# My dog (tas) enjoys a rare moment in the UK,dry grass



## slingshot_sniper (Feb 20, 2011)

He blows you all a kiss too


----------



## PandaMan (Oct 14, 2010)

Nice dog!








And yes, it is rare to have dry grass here...







.........


----------



## slingshot_sniper (Feb 20, 2011)

If it was a hare/rabbit or defenseless bird, I bet I'd get more views


----------



## NoSugarRob (Jun 3, 2010)

thats a funny lookin pooch man. what breed is it ?


----------



## slingshot_sniper (Feb 20, 2011)

NoSugarRob said:


> thats a funny lookin pooch man. what breed is it ?


He's a Boston Terrier and cost £1,000 5 years ago and he's been worth every penny and plus some


----------



## PandaMan (Oct 14, 2010)

Oh yeah, I forgot to mention. It's good to see a dog walker using a harness as opposed to a collar.

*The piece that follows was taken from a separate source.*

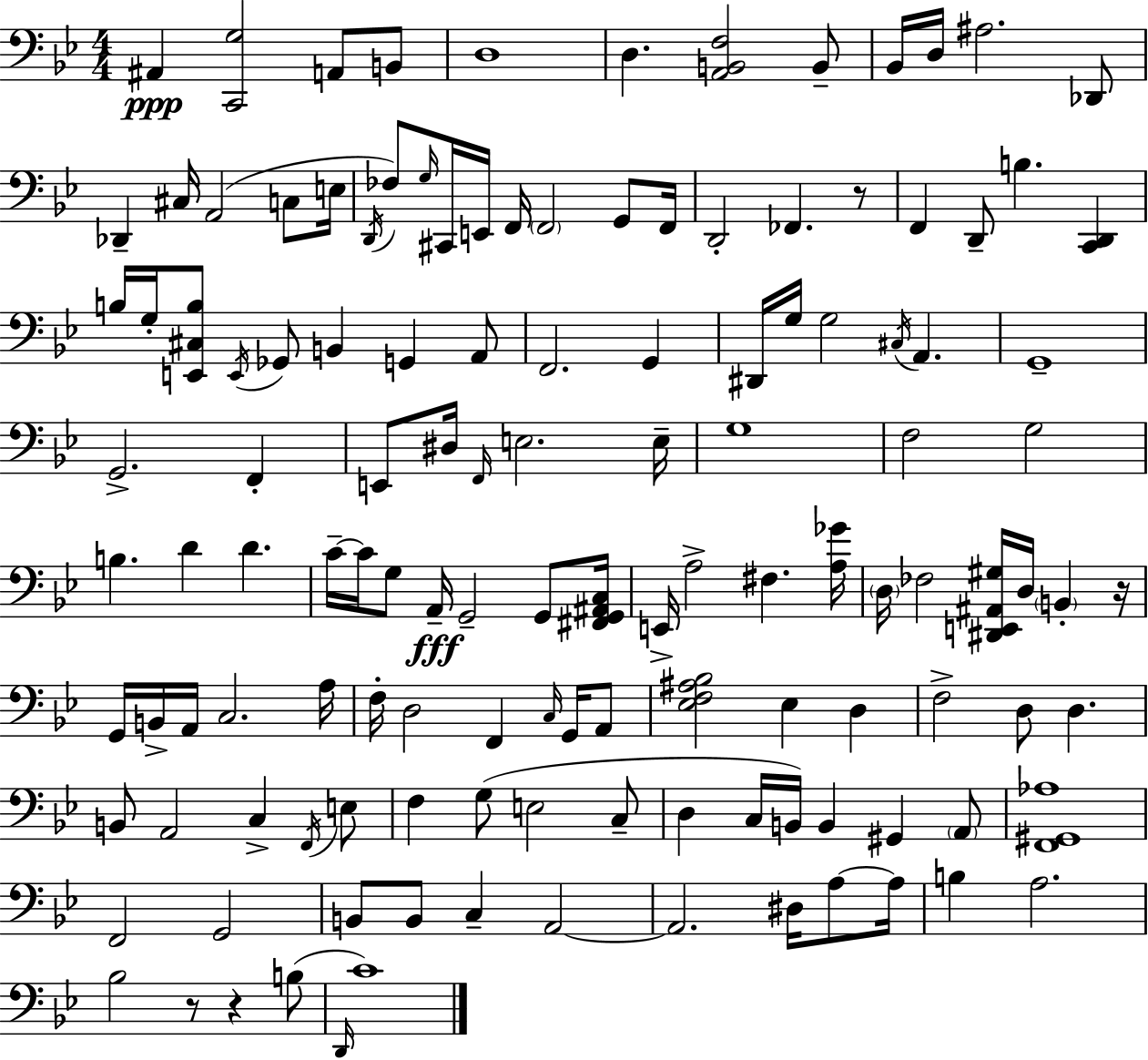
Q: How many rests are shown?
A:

I see lots of people just letting their dogs strangle themselves...


----------



## NoSugarRob (Jun 3, 2010)

tar for reply


----------



## Dayhiker (Mar 13, 2010)

Awfully cute dog there, mate. 
"If the sun don't come you get a tan from standing in the English rain."


----------



## Flatband (Dec 18, 2009)

Great looking Terrier there Sniper! I have two "Terrible Terriers"! They are Yorkies and brothers and typical hard headed terriers. They are pure breeds coming from the old blood lines when Yorkies were ratters and bigger then the popular 5-7 pounds you see now a days. My Boys are 17 and 21 pounds. The smaller one is a wild card with a personality that only someone who loves him a ton ( that would be me) could tolerate.Protective, defensive,ornery,moody-he has it all. The other ( bigger one) I call a "gift from God". He is my shadow, and a real friendly soul without a mad or angry bone in his body-a real "Good Boy". I know you feel the same way about your little guy but they are really something special aren't they? God bless them all Bud! Flatband


----------